Judging from the experimental design of the paper itself, the value is concentrated in "connecting data with two different missing labels to different modules respectively." Videos lacking action labels are not suitable for direct supervision of actions, but are suitable for training "current picture + language + progress → future goal picture"; robot trajectories lacking text labels are not suitable for training language understanding, but are suitable for training goal image conditioned policy on how to convert visual goals into actions. This division of module labor makes the usage path of partially-annotated data clearer.
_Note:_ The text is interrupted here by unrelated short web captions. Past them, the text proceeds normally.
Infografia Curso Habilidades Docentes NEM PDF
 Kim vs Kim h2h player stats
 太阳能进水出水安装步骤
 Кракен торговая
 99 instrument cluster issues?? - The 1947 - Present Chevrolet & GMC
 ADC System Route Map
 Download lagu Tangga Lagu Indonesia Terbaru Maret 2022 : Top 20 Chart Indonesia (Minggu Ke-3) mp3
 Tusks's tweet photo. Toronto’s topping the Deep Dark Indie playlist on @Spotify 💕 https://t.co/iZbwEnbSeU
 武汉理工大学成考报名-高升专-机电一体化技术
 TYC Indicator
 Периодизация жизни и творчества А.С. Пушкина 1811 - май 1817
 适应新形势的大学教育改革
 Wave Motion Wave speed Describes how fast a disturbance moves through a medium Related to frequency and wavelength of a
7.2 Why the results hold up

The paper does not only give a single main table, but uses multiple sets of corresponding evidence to support the core design: the CALVIN main table verifies the long-horizon improvement of the complete GR-MG; w/o text, w/o image verifies the bimodal condition; w/o progress and the target graph similarity index verify the progress condition; 10% data scarcity verifies that the textless robot trajectory is useful for policy; the real robot w/o part. ann. data and the generated graph visualize the missing action label video for the generator and OOD Goal understanding helps. The few-shot part also points out that policy is the bottleneck, which is consistent with the expansion direction in the conclusion.

7.3 Limitations and future directions described by the author

The two modules are currently trained independently: the generator uses timestep to obtain progress and ground-truth future frames, and the policy uses ground-truth goal image; the author leaves joint training as future work.
Among the few-shot novel skills, the target graph generator can generate accurate target graphs, but the policy is still difficult to implement. The authors plan to expand the policy training with more real-world data w/o text labels.
The conclusion also proposes to expand the partially-annotated data training scale of the two modules and consider introducing depth information to improve action prediction accuracy.

7.4 Applicable boundaries

GR-MG is suitable for operational tasks that can express intermediate goal states visually, and assumes that the generator can regularly generate sub-goal images useful for policy. The paper does not provide sufficient coverage for tasks where the goal cannot be expressed by a single RGB sub-goal, depth/contact information is critical, or the policy has extremely high requirements on real execution dynamics. Although the real robot experiments include non-pick-and-place tasks and multiple types of OOD settings, they are still verified within the author's own platform, camera configuration, and task set.